- _What to do_: Of all the entries below, retype only the lines from the one with "Foldable diatomaceous earth" through the one with "family sheltering rain", exactly as they appear.

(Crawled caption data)
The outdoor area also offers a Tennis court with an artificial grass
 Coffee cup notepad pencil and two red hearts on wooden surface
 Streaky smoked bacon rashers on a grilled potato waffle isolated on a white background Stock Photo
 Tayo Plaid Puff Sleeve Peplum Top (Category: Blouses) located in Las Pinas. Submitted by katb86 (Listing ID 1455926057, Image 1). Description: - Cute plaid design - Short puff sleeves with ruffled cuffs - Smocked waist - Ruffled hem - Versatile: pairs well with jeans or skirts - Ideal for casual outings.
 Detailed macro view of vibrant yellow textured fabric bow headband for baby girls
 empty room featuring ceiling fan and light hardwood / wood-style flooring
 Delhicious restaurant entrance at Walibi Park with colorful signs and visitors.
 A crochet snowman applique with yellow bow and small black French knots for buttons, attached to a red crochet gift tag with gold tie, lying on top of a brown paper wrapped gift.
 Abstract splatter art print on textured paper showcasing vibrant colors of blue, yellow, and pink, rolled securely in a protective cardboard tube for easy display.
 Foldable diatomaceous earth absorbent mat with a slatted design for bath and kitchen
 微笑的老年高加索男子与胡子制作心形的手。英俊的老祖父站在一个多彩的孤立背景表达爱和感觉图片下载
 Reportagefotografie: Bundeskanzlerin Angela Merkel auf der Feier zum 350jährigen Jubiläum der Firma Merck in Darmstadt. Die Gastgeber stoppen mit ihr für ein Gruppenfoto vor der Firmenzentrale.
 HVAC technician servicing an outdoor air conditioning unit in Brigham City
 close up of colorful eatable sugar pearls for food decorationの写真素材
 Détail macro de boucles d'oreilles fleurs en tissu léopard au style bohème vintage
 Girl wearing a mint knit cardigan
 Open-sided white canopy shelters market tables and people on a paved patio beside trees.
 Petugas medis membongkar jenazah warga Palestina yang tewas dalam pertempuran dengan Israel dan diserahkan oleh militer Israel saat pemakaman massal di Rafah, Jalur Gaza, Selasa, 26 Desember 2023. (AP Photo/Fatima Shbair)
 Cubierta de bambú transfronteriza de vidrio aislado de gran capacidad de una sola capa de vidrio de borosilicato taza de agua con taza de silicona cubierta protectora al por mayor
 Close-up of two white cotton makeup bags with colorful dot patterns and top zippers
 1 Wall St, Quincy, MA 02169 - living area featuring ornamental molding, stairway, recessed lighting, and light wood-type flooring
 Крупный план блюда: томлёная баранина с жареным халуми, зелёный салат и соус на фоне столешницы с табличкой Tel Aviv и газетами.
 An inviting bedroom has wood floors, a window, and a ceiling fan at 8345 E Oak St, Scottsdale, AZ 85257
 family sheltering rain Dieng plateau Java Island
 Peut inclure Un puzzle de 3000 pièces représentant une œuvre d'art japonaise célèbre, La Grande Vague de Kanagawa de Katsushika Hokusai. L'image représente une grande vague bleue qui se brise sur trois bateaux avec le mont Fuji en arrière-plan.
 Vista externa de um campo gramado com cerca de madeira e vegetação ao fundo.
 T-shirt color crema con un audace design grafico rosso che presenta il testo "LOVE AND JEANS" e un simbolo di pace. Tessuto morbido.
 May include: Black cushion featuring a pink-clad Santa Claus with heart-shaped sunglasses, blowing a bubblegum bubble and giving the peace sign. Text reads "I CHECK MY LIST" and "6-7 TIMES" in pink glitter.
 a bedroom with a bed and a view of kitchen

- _Response_:
 Foldable diatomaceous earth absorbent mat with a slatted design for bath and kitchen
 微笑的老年高加索男子与胡子制作心形的手。英俊的老祖父站在一个多彩的孤立背景表达爱和感觉图片下载
 Reportagefotografie: Bundeskanzlerin Angela Merkel auf der Feier zum 350jährigen Jubiläum der Firma Merck in Darmstadt. Die Gastgeber stoppen mit ihr für ein Gruppenfoto vor der Firmenzentrale.
 HVAC technician servicing an outdoor air conditioning unit in Brigham City
 close up of colorful eatable sugar pearls for food decorationの写真素材
 Détail macro de boucles d'oreilles fleurs en tissu léopard au style bohème vintage
 Girl wearing a mint knit cardigan
 Open-sided white canopy shelters market tables and people on a paved patio beside trees.
 Petugas medis membongkar jenazah warga Palestina yang tewas dalam pertempuran dengan Israel dan diserahkan oleh militer Israel saat pemakaman massal di Rafah, Jalur Gaza, Selasa, 26 Desember 2023. (AP Photo/Fatima Shbair)
 Cubierta de bambú transfronteriza de vidrio aislado de gran capacidad de una sola capa de vidrio de borosilicato taza de agua con taza de silicona cubierta protectora al por mayor
 Close-up of two white cotton makeup bags with colorful dot patterns and top zippers
 1 Wall St, Quincy, MA 02169 - living area featuring ornamental molding, stairway, recessed lighting, and light wood-type flooring
 Крупный план блюда: томлёная баранина с жареным халуми, зелёный салат и соус на фоне столешницы с табличкой Tel Aviv и газетами.
 An inviting bedroom has wood floors, a window, and a ceiling fan at 8345 E Oak St, Scottsdale, AZ 85257
 family sheltering rain Dieng plateau Java Island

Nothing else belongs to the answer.